Newsletter Vol. 3 # 112 – April 15, 2010

Greetings,

Welcome to Volume 3, Issue #112 of Guitar Noise News!

In This Issue:

  • Greetings, News and Announcements
  • Topic of the Month
  • Guitar Noise Featured Artist
  • New Articles and Lessons
  • Exploring Guitar with Darrin Koltow
  • Event Horizon
  • Random Thoughts

Greetings, News and Announcements

Hello and welcome to your April 15th issue of Guitar Noise News, the twice-a-month newsletter from Guitar Noise (www.guitarnoise.com). I’d be remiss if I didn’t say, “Please make sure you’ve filed your taxes before the day is out” to our readers in the United States. After all, I promised I’d remind some of the readers of this in our last newsletter.

But I’d rather share some very cool news with you – GN Forum member Tom “Tommy Gunz” McLaughlin’s band, Grand Theft Auto, received third place in the “Best New Band” category from Suburban Nitelife Magazine (a national award winning publication that been serving the Chicago suburbs for almost twenty years now). Not only that, but the band’s bass player, John Nardi, took home first place in the “Best Musician – Bass” category!

All of us at Guitar Noise extend our heartfelt congratulations to Tom and his band and we look forward to reading about them being “number one” next year! If you’re out in the south and southwest Chicago suburbs, be sure to look them up!

And speaking of congratulations, last time out we announced the first five winners of our current giveaway. By next Monday, an autographed copy of “The Complete Idiot’s Guide to Playing Rock Guitar” will be making its way to the following Guitar Noise followers (listed in alphabetical order by last name):

Jeffery Bosserman of Pennsylvania (USA)
Ellen Krauss of New York (USA)
Roy Parker of North Carolina (USA)
Allison Stokes of New South Wales (Australia)
David Watts of Merseyside (England)

And while we’re congratulating our first five winners, we also wish all of contestants the best of luck for the remainder of this contest.

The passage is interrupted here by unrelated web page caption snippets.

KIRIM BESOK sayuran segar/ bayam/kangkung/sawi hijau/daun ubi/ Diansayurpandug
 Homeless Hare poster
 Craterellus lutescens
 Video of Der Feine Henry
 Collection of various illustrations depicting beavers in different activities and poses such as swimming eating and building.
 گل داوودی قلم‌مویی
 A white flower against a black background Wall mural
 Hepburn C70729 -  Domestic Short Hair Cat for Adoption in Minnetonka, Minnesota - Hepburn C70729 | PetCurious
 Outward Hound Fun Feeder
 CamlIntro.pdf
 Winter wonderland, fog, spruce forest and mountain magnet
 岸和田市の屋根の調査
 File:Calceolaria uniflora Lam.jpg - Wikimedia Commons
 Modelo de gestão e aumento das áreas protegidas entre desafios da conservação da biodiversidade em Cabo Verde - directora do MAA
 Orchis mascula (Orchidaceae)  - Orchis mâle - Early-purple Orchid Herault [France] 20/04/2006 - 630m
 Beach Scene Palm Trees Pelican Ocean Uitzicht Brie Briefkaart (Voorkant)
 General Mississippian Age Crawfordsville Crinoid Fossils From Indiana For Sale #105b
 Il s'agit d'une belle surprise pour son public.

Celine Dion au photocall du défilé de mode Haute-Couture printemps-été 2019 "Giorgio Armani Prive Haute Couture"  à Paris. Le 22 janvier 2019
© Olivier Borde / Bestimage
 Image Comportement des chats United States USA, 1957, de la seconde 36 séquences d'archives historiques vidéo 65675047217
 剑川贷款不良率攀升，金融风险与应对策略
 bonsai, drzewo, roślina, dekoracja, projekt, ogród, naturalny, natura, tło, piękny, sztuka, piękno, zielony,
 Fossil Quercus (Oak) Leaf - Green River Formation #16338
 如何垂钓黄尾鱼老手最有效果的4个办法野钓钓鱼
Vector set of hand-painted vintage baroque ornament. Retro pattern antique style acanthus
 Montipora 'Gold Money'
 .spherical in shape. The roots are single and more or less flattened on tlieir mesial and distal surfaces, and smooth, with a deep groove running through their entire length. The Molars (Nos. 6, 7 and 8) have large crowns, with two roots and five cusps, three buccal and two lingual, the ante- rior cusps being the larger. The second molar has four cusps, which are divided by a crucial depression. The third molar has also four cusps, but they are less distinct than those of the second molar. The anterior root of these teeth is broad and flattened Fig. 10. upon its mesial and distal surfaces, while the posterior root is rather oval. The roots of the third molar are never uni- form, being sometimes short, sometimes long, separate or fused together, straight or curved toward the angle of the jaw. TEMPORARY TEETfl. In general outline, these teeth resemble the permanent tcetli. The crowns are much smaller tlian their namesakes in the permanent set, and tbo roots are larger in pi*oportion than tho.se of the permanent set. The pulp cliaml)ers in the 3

The next group of winners will be announced here and on the Forum pages on May 1 and June 1. The best of luck to you all!

Finally, a quick note to those who have emailed me requests in the past two to three weeks – I’ve not forgotten any of you! Unfortunately I had some emergency fixes to deal with on the books (and I also had to file taxes) but I’m all set to get going. If you’ve not heard from me via email in the next three days, don’t hesitate to email me. My thanks, as always, for your patience!

Topic of the Month

With the changing of the seasons, and the inevitable getting ready for either spring, fall, dry or wet (depending on where you live), few people have got practicing on their minds. In fact, you could probably say that about any time of the year! Bearing that in mind, we feel that it’s important to make “Practicing” the Guitar Noise Topic of the Month for April. Given the importance of practice, we could easily make it the topic of the month every month!

So the next time you mosey over to the Home Page, be sure to take a look at some of the many fine articles on practicing, brought to you by a great group of writers and teachers like Tom Hess, Jamie Andreas, Tom Serb, Nick Minnion and more.

Guitar Noise Featured Artist

Paul Simon is the Guitar Noise Featured Artist for the month of April, 2010. He was also named by Time Magazine as one of their “100 People Who Shaped the World” and has received numerous awards and accolades.

And although he and I have never met (I have seen him in concert), he is also one of the people who taught me how to play guitar. The very first book I bought after buying my first guitar was “The Songs of Paul Simon” songbook, which contained piano music and chords for all the songs of the Simon and Garfunkel albums as well as the first Paul Simon solo album. From there I spent more time listening to the music in order to hear what his guitar was actually doing, learning to strum rhythms and to create finger picking patterns and to use slides and hammer-ons and pull-offs as part of my playing. I became a better player because his music taught me to be a better listener.

You can read our bio about Paul Simon on the Guitar Noise Artist Profiles page.

New Articles and Lessons

Essentials for the Successful Band
by George Pittaway

Check this out if you are starting an band or want to tune yourselves up for a more professional sound and effect. It’s easy to start a band, Sounding good is another story.

Here is Why Your Guitar Picking Speed Isn’t Improving
by Mike Philippov

If you aren’t yet playing at the speed of at least 200 BPM in sixteenth notes (but really want to), then Mike Philippov’s latest article will greatly help you to get closer to this goal.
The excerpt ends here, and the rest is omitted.